**THE PROBLEM:** What is needed is every line from the one holding "Child girl in" to the last line of the data below, printed exactly and without pictures.
◆ ◆ ◆ ◆
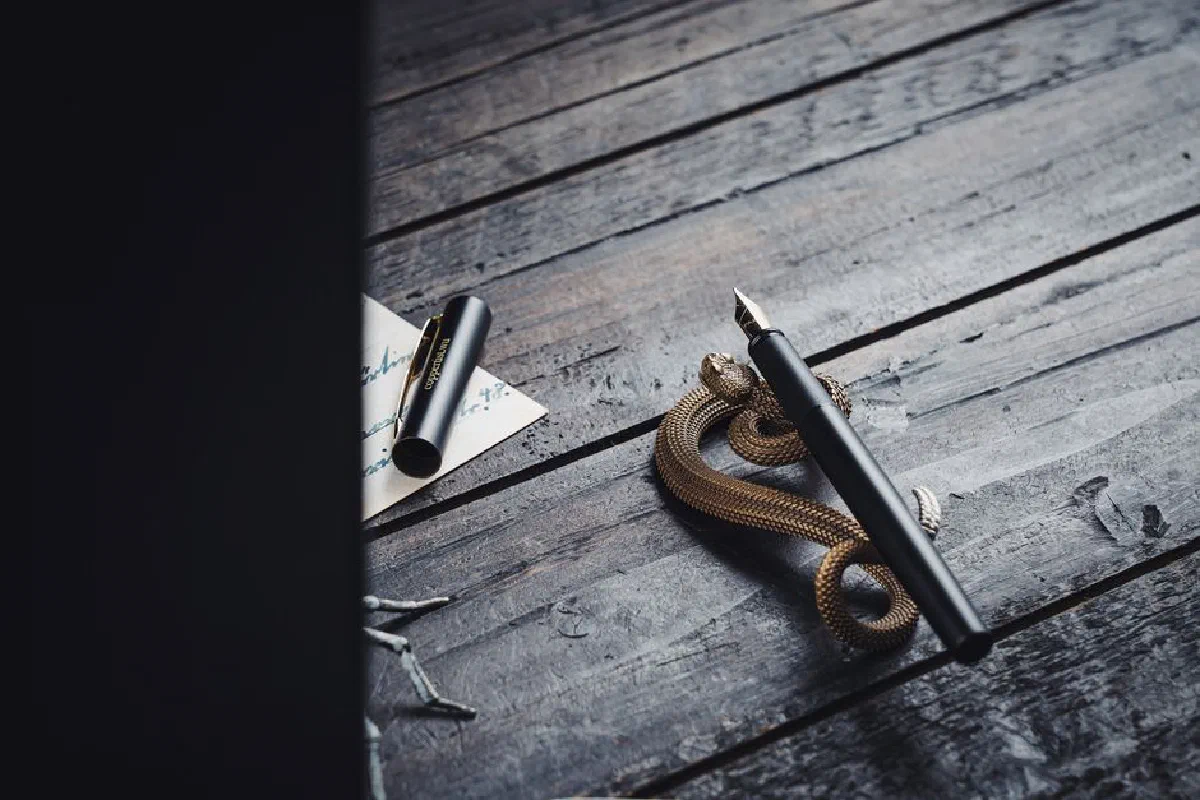 A vintage fountain pen elegantly displayed on a wooden desk with a decorative snake holder.
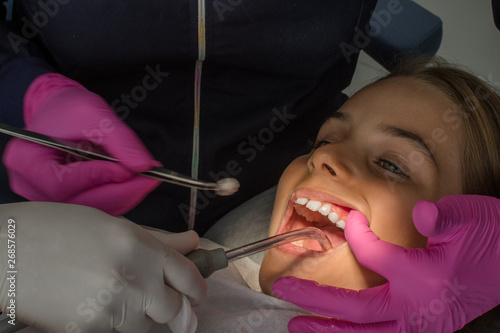 Child girl in specialized dental treatment as routine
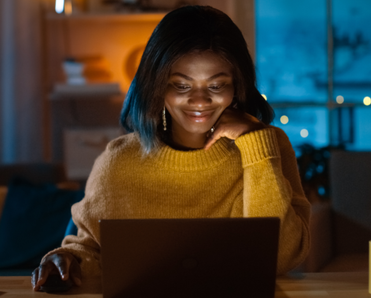 A woman uses her laptop at her table in the evening.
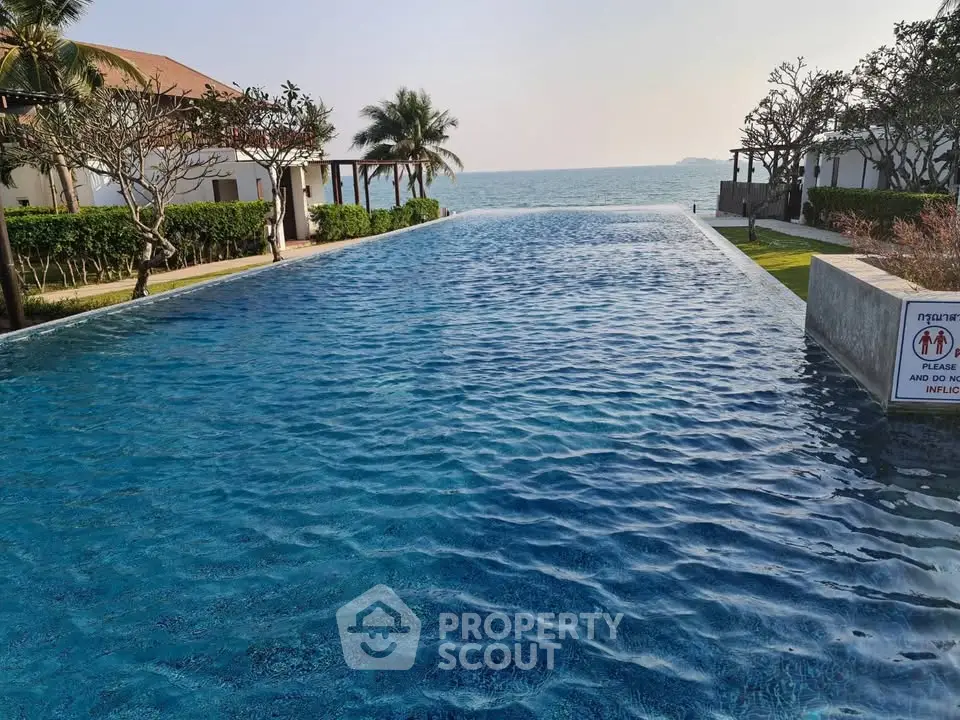 Luxurious infinity pool with ocean view at a tropical resort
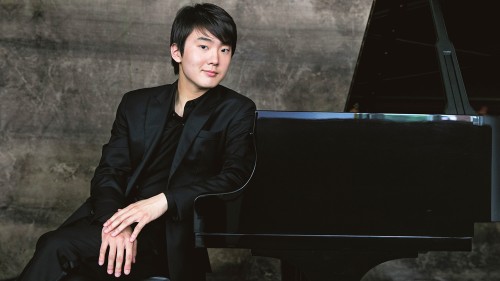 a young east asian man in a dark suit leans on a piano. his elegant hands rest on his lap.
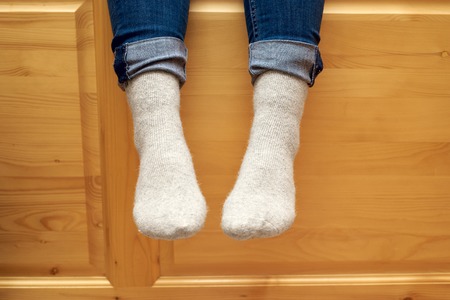 female legs in woolen socksの写真素材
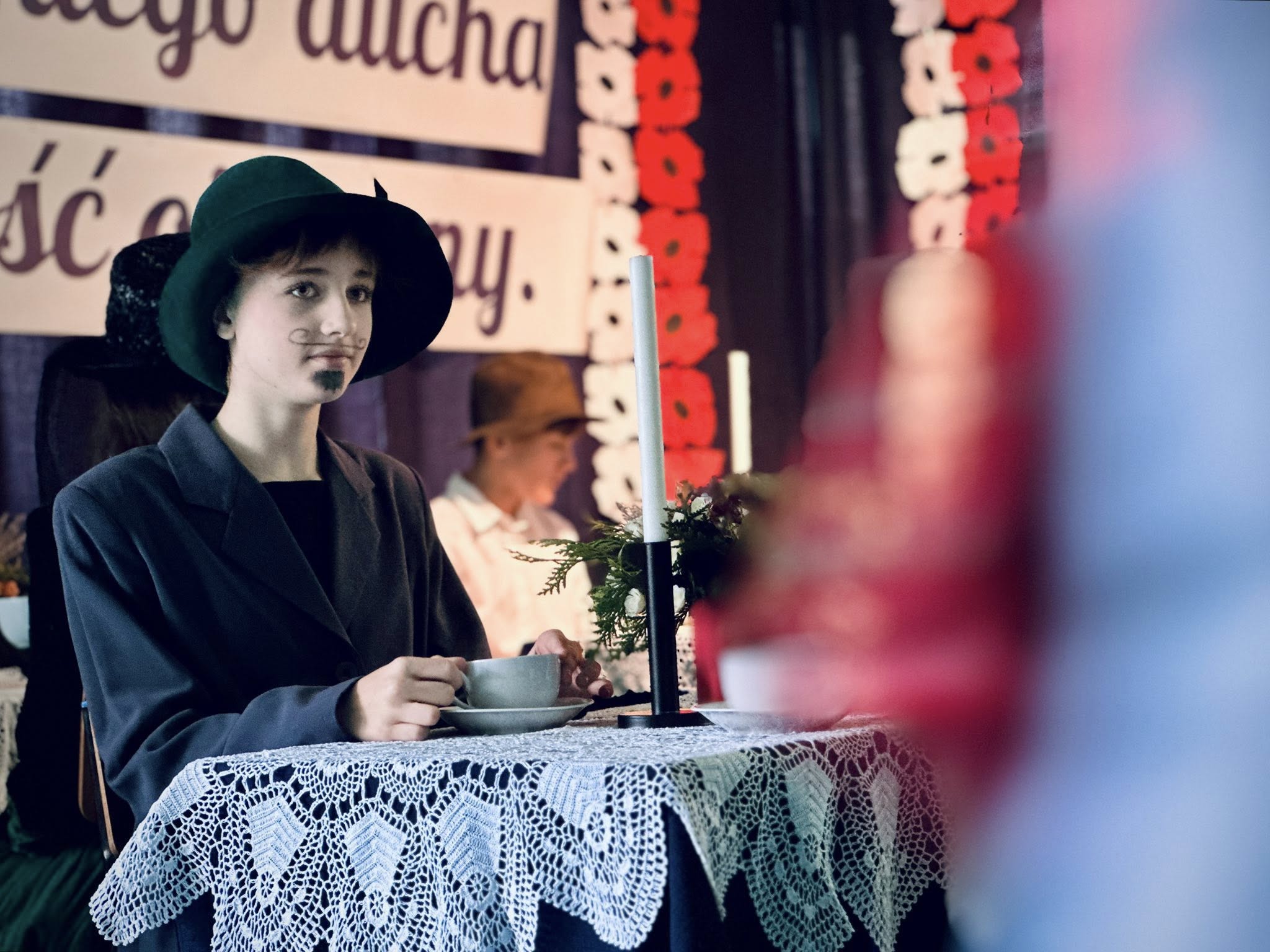 „Maria Skłodowska-Curie” czytająca gazetę w kawiarni – zbliżenie.
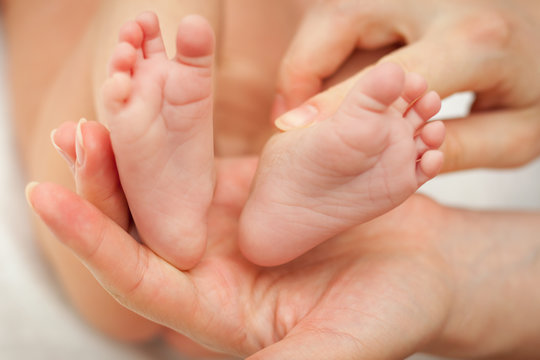 Small feet of baby new born that hold in her moms hand.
◆ ◆ ◆ ◆
**SOLUTION TO THE PROBLEM:**
 Child girl in specialized dental treatment as routine
 A woman uses her laptop at her table in the evening.
 Luxurious infinity pool with ocean view at a tropical resort
 a young east asian man in a dark suit leans on a piano. his elegant hands rest on his lap.
 female legs in woolen socksの写真素材
 „Maria Skłodowska-Curie” czytająca gazetę w kawiarni – zbliżenie.
 Small feet of baby new born that hold in her moms hand.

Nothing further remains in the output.